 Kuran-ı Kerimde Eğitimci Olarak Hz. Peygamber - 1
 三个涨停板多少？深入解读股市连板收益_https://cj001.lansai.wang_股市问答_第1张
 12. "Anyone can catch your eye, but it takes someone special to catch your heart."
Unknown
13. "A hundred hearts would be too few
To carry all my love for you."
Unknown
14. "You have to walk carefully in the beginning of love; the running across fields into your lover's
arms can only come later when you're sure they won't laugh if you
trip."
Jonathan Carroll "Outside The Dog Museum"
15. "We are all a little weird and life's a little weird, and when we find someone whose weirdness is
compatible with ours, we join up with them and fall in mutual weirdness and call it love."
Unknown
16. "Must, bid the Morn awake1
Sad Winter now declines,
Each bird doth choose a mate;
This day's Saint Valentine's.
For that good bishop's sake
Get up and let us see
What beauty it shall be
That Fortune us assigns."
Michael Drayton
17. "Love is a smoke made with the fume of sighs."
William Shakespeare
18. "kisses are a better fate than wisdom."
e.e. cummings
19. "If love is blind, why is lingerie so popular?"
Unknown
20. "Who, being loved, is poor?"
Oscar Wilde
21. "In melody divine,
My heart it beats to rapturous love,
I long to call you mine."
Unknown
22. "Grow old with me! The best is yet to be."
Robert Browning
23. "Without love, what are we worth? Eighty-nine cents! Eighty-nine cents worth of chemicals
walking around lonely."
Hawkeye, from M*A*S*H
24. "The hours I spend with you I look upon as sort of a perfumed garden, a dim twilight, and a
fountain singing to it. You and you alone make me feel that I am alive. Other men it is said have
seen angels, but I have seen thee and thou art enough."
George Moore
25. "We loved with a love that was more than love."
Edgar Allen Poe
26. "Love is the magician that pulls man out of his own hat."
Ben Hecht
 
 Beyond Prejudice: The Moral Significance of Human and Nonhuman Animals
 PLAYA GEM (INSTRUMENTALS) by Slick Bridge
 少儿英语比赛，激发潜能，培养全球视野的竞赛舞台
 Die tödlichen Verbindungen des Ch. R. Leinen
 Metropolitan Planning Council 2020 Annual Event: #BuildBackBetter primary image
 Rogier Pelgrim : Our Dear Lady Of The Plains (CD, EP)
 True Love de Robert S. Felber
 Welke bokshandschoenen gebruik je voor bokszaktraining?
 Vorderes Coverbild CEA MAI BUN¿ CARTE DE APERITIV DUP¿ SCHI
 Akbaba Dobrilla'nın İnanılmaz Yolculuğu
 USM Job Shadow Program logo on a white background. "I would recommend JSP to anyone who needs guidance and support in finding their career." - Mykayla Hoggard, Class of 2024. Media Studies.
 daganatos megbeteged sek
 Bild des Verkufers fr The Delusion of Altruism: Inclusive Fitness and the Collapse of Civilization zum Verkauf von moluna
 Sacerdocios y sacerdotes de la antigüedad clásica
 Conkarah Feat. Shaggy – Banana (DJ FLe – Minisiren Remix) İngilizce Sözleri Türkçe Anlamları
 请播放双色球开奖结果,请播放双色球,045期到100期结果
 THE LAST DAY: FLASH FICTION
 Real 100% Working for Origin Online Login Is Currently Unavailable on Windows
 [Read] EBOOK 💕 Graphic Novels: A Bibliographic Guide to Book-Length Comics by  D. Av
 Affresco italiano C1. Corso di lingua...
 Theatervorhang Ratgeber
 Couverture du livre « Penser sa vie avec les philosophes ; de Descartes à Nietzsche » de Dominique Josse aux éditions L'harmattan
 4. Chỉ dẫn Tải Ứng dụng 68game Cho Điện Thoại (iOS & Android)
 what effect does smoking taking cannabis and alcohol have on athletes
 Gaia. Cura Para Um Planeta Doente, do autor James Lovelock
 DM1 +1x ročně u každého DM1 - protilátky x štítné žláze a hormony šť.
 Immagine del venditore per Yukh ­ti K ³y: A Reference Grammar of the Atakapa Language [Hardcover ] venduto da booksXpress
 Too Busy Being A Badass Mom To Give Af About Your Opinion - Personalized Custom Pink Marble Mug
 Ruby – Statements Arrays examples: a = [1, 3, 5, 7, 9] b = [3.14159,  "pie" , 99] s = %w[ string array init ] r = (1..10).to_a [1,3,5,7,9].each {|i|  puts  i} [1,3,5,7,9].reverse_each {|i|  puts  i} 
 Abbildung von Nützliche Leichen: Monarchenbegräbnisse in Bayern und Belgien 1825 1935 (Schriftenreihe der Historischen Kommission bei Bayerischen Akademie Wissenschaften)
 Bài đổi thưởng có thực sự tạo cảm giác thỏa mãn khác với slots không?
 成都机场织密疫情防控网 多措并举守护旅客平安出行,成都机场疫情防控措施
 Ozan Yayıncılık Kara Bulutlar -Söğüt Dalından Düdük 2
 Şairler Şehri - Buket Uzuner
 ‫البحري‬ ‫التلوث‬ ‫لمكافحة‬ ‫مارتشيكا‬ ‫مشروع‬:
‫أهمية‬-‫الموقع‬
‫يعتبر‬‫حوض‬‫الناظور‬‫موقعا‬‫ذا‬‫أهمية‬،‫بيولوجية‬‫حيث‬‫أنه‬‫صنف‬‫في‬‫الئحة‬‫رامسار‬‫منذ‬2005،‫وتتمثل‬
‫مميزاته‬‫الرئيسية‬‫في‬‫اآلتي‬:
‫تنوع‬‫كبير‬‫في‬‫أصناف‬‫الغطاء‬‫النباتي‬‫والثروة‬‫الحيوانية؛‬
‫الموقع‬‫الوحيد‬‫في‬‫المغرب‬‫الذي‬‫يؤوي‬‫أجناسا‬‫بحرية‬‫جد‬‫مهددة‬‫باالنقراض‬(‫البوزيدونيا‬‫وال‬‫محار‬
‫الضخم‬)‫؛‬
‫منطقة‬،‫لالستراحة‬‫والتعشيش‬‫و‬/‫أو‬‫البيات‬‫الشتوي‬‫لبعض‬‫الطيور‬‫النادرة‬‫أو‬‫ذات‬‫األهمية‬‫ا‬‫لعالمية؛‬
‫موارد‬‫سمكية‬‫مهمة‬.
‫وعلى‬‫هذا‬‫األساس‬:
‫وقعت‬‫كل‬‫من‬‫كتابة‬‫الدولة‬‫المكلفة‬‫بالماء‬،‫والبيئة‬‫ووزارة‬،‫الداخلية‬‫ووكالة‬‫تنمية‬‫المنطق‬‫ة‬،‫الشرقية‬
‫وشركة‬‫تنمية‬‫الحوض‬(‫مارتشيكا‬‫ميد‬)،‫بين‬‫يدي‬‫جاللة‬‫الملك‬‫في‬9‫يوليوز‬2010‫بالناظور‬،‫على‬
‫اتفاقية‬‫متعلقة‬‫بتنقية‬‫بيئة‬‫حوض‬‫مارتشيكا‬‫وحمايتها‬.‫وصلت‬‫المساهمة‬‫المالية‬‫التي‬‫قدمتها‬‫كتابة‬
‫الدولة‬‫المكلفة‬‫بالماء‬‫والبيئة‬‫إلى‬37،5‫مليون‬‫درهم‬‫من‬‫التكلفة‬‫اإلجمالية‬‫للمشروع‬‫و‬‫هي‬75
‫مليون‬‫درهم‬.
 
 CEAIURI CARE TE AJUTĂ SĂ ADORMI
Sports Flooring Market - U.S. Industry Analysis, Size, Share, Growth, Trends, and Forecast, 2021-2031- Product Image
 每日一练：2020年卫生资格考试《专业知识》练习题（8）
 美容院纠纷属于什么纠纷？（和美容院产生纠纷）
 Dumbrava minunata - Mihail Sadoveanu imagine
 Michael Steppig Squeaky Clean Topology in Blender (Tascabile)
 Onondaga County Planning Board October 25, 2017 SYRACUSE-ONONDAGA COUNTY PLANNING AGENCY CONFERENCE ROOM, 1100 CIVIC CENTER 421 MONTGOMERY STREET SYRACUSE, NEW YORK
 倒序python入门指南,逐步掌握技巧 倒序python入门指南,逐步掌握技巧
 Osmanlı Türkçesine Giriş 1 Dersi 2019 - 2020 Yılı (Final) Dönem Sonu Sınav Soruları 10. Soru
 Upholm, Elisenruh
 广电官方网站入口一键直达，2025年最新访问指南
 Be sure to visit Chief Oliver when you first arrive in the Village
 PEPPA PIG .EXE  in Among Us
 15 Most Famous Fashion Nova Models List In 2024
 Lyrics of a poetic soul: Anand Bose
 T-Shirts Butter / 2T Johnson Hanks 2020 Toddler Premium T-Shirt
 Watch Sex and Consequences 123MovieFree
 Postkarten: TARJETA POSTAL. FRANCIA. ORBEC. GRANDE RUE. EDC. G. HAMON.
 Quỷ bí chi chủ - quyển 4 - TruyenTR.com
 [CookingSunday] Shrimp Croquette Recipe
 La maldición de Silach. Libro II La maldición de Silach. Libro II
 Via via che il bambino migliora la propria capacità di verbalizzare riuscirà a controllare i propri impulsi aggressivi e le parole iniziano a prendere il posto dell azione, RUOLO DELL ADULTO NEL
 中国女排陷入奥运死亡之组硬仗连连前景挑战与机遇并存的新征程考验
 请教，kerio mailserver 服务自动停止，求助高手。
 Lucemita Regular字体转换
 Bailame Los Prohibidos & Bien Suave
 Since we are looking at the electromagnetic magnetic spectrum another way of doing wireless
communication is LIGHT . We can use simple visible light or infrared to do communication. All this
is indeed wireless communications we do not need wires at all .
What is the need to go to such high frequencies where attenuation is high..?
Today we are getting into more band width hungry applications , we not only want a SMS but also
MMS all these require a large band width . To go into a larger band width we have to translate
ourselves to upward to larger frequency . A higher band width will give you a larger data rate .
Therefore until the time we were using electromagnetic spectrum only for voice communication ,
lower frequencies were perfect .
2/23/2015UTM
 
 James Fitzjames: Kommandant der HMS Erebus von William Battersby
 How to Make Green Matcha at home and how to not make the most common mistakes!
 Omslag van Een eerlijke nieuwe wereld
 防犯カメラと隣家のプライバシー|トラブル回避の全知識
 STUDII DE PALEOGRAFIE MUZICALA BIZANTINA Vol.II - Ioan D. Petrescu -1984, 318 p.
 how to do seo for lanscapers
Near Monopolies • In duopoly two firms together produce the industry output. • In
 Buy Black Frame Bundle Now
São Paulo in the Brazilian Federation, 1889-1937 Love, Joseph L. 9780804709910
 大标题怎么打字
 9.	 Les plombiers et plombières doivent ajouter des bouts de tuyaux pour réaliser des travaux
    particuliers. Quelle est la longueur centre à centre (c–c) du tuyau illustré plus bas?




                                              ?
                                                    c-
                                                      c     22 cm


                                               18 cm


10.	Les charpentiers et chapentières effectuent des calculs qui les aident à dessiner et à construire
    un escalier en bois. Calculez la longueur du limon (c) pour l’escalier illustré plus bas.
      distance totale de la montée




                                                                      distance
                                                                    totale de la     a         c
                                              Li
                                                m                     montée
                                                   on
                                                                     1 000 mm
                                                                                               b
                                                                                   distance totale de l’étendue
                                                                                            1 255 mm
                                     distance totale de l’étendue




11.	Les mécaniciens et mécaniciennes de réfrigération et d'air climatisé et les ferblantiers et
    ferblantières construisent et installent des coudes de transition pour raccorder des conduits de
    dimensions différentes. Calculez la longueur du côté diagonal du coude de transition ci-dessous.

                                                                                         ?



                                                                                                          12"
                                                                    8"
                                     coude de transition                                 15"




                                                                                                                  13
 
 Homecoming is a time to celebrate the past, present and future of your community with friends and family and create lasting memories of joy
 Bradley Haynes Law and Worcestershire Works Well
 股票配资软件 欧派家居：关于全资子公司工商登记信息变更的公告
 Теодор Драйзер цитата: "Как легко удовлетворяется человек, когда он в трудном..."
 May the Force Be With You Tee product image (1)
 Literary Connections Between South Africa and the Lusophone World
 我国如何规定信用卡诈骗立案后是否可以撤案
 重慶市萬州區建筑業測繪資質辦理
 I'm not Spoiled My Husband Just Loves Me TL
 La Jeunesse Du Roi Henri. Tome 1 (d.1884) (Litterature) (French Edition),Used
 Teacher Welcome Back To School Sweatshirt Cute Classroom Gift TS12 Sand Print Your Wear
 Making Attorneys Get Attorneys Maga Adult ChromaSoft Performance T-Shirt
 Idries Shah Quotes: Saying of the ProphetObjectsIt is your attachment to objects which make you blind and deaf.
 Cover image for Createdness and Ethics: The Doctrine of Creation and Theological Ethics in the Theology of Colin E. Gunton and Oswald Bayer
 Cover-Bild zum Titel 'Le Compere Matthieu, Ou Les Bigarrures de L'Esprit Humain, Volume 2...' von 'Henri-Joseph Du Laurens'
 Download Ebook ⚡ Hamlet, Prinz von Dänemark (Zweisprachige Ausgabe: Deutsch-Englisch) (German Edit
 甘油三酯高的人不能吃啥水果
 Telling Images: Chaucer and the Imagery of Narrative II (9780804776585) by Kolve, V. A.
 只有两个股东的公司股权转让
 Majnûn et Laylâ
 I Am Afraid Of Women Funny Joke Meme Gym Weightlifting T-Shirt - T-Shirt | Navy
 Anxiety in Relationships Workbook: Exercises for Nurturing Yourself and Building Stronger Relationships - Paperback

________________

■ Activity:
How many lines of the records contain the string "William"? Respond with the number alone.

■ Finished task:
2